Kristina Grill

 

By Bobbi Jamriska

That’s my sister, Krissy, as I called her. This is the last picture I have of her, it was taken at school about a week before she was killed. It came in the mail from the school about two weeks after the funeral. She never saw it, but you can…

As the holiday of Halloween draws near, it felt like the right time to tell my own family experience with a Juvenile serving Life without Parole. I distinctly recall throwing away the candy she collected trick or treating a week before she was murdered, so the two stay together in my mind.

It was a difficult time for my 15 year old sister. She had been secretly seeing a boy from school, as she was sure my family would not accept him. They were together for several months before he broke it off. Unfortunately, by the time he broke it off, she was pregnant. She carried that secret for a few months, and finally decided she had to tell my Mom the truth. I remember being 15 and thinking that if you ignored stuff that bothered you it would just go away. This wasn’t that kind of problem…

My sister set up a meeting in a school yard with her former boyfriend, who she still loved, to talk about the baby. She had resolved that she would meet with him, and then tell our Mom that night. That never happened, we found out about the pregnancy, and the boyfriend from the Pittsburgh Police Department. We found out the details from her diary, which also led them to her murderer.

Her killer, also 15 at the time, brought a kitchen knife to the meeting. He would later tell police he planned to kill himself after the meeting. I don’t know what was said at that meeting, I’ve often wondered how she spent those last few minutes of her life before he attacked her.

At some point, he lashed out at her with the knife he “just happened to have with him”. He proceeded to stab her 11 times about the neck area and punched and kicked her repeatedly. After he had stabbed her to the point that she would bleed to death in that school yard, he zipped up her jacket, watched her ‘twitching’ on the ground and departed for home. A seven year old neighborhood boy would find my sister dead in that school yard and go tell his Mom.

When my Mom reported her missing that evening, her friends lied about where she was. They thought they were doing her a favor. Shortly after calling the Police, they came to my Mother’s home with a ring my sister had been wearing to do a preliminary ID. That is the moment, the point where all the air is sucked out of your life and it sort of becomes like you are watching a movie. We then had to decide who would go do the identification, thankfully my sister’s step mother volunteered. The media was calling our homes and knocking on doors looking for quotes. We had to keep the funeral quiet to avoid news cameras at the grave site.

The strain and emotional impact this had on my Mother was just too much. She was just 54 years old when I buried her with my sister.It was 9 months after my sister’s death, and one day before the trial started.

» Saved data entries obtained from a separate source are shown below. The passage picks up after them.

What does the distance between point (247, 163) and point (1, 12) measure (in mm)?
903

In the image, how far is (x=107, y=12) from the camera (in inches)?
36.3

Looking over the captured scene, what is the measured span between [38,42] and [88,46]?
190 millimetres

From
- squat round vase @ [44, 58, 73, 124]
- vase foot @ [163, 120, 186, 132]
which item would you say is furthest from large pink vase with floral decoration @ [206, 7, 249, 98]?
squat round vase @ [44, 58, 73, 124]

The trial process is intended to help you find closure and justice. In some ways that is true. But, the reality is, it is just day after day of pain and revisiting the most painful thing you’ve ever experienced. Shortly after the preliminary hearings, the District Attorney told us she’d be pursuing adult charges and a life sentence due to the violence and premeditation of the crime.

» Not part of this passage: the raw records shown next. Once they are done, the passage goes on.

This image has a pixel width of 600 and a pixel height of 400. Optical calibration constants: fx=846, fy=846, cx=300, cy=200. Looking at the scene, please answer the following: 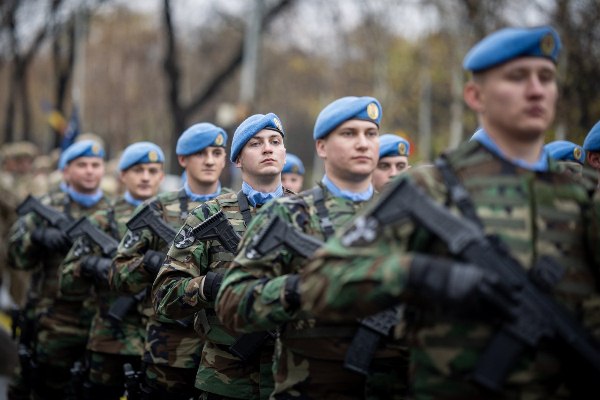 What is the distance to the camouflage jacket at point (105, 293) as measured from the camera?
22.1 feet

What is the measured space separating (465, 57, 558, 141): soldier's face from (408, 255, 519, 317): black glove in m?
0.58

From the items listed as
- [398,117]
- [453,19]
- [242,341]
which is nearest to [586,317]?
[242,341]

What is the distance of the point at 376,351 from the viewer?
150 inches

We sat through juror selection, trying to find people who hadn’t heard all of this on the news and formed an opinion. And then the trial began. I can still vividly describe the images of my sister’s body that the coroner used during his testimony. I actually had nightmares about it for months after the trial ended. The police explained that they were able to identify shoe prints on her pregnant belly from her killer. He, had gone home, showered, and went about his day after leaving her, with his child inside her, to bleed to death in the school yard.

In the end, after several weeks in court, he was found guilty, and subsequently sentenced to Life without Parole. We all walked away with the relief that the justice system had provided the best they could for us to move on. We believed that we would never have to revisit the judicial process for her case. We thought we could try to find our way out of the emotional abyss this had created. We accepted the word of the justice system that he would never be free.

As I write this, the momentum and media focus on the ‘poor’ kids serving these sentences is rampant. Both the Federal and State governments are investigating changes to these laws that allow life sentences to Juveniles offenders. It is perfectly understandable that people who have never heard a coroner describe their loved ones last moments might support this kind of action. If it must be that the courts will go that way, it is morally imperative that any such decision not be retroactive. We had our verdict, and it was just, we should not have to testify and relive that pain every year, or every so many years in order to preserve what the law promised us to be.

I pray that no one else ever has to go through this experience, and if they do that the justice system is there to offer them what is just.